Critical evaluation of anharmonicity and configurational averaging in QM/MM modelling of equilibrium isotope effects

Abstract

Anharmonic effects upon vibrational frequencies and isotopic partition function ratios are modelled computationally by means of quantum mechanics/molecular mechanics (QM/MM) methods for two systems. First, the methyl cation in explicit water is considered using a B3LYP/6-31+G(d)/TIP3P method in order to check the previous prediction of an inverse equilibrium isotope effect (EIE) K_H3/K_D3 for transfer from vacuum to water at 298 K. A full QM/MM treatment including Lennard-Jones interactions predicts significantly inverse contributions from both internal (0.843 ± 0.001) and external (0.894 ± 0.001) modes of the solute.
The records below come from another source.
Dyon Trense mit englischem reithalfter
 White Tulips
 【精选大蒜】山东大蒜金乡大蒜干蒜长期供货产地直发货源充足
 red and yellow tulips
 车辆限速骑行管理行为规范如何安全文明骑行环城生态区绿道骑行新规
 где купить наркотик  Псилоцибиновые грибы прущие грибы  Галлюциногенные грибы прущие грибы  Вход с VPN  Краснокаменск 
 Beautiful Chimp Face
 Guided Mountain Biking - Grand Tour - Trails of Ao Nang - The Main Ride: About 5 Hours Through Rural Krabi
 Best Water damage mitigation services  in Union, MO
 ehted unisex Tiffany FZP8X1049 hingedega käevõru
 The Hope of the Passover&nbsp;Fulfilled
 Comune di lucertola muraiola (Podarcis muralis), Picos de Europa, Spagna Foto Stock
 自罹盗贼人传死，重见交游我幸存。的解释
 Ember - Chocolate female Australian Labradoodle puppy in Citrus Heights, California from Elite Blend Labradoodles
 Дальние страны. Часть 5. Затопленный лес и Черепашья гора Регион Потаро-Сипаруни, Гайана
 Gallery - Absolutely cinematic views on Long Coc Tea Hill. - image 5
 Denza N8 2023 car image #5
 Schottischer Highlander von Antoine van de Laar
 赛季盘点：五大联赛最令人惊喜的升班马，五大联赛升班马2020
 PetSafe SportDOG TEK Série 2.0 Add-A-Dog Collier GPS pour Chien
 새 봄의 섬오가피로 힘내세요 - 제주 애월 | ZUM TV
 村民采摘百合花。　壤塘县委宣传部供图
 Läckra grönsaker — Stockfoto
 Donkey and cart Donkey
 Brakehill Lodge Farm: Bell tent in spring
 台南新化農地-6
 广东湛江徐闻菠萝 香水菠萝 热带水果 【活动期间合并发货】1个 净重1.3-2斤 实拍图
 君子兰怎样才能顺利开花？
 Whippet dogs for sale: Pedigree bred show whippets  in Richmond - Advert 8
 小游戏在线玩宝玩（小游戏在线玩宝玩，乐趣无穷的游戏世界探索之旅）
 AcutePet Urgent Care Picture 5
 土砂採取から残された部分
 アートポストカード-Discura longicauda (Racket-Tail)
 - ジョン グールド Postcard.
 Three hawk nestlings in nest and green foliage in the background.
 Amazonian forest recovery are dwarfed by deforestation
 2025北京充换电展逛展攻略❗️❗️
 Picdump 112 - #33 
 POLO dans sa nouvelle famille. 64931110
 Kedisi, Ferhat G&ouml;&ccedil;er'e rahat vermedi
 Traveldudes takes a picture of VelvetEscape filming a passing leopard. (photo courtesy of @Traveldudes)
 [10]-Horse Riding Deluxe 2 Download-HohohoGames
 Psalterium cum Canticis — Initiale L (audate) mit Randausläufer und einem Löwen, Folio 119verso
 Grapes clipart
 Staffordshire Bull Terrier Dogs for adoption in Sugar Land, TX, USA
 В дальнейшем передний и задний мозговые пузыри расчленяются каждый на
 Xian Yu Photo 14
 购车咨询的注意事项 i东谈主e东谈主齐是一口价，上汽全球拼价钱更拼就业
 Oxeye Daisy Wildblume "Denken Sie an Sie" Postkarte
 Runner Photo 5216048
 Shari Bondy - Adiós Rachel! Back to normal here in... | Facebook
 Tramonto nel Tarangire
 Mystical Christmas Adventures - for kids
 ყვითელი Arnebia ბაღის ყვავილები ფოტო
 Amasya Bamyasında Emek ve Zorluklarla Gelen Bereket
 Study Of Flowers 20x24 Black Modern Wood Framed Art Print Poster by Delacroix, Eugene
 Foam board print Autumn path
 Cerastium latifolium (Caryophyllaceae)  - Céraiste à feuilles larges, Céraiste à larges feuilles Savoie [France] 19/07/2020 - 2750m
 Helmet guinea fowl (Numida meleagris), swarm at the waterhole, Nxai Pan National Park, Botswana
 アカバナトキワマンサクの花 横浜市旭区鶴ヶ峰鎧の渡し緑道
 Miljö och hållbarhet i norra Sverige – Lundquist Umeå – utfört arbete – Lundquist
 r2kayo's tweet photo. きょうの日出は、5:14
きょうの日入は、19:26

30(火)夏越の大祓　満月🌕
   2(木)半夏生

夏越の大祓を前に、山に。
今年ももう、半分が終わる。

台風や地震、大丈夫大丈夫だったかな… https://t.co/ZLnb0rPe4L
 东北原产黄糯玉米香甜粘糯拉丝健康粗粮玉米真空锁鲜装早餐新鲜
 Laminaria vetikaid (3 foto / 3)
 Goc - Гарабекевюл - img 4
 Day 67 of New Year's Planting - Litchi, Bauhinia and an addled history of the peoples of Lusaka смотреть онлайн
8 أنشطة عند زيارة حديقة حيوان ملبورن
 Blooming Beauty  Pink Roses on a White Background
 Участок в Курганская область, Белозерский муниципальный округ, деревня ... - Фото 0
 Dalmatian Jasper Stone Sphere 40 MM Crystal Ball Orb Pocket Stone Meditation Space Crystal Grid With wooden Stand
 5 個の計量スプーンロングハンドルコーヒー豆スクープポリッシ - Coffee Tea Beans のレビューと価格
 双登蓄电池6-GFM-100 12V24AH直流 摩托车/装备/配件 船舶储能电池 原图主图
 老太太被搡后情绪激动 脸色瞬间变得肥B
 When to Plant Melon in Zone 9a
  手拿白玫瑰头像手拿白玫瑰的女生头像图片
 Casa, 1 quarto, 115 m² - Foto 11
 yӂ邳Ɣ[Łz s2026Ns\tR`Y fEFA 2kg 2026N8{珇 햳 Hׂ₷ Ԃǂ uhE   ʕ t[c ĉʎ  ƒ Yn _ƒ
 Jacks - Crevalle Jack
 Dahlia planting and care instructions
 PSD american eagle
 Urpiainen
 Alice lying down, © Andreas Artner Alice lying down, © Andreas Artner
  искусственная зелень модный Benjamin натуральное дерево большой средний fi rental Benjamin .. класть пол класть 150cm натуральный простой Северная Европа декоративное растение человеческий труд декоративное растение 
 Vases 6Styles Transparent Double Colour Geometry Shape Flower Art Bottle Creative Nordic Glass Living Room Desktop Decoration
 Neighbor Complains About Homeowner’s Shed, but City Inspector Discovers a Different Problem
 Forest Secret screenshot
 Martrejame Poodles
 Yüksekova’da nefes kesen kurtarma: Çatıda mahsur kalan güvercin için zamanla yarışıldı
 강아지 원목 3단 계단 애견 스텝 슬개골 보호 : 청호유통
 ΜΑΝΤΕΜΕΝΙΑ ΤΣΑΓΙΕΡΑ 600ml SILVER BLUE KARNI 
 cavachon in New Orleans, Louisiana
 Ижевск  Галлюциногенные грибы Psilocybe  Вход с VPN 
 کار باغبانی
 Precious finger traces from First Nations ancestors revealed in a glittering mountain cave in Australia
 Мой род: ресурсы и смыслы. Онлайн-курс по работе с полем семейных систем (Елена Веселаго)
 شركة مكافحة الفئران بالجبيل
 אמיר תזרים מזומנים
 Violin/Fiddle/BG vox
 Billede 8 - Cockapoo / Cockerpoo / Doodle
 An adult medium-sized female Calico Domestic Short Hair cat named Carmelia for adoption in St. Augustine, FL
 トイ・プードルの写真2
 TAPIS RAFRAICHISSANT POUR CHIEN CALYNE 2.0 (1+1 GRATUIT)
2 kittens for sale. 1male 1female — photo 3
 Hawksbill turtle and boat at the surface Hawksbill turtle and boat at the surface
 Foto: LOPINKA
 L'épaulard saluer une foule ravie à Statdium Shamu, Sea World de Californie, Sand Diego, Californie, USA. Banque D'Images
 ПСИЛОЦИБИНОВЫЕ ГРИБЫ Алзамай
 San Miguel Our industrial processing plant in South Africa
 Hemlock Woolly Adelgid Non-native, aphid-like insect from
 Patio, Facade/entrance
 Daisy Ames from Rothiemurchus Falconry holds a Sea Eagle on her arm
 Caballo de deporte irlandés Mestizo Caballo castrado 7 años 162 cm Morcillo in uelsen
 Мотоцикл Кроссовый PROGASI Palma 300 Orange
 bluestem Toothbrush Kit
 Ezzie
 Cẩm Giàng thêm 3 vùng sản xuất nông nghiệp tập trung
This treatment yields a much larger harmonic EIE (0.753 ± 0.002, averaged over 928 independent solvent configurations) than is obtained either by projecting out the translational and rotational contributions (0.853) or by treating the solvent by a point-charge representation (0.9360 ± 0.0006, harmonic; 0.9366 ± 0.0006, anharmonic). The contribution of anharmonicity to the EIE affects the value only in the 3rd significant figure. Second, anharmonicity is investigated by means of QM/MM potential-energy scans along 12 normal modes for internal and external vibrations of methyl cation in water and for three modes (one stretching and two bending) for the H_α atom at the carbenium-ion centre in cyclopentyl, cyclohexyl, tetrahydrofuranyl and tetrahydropyranyl cations in explicit water and cyclohexane solvents, as obtained by means of atomic Hessian analysis.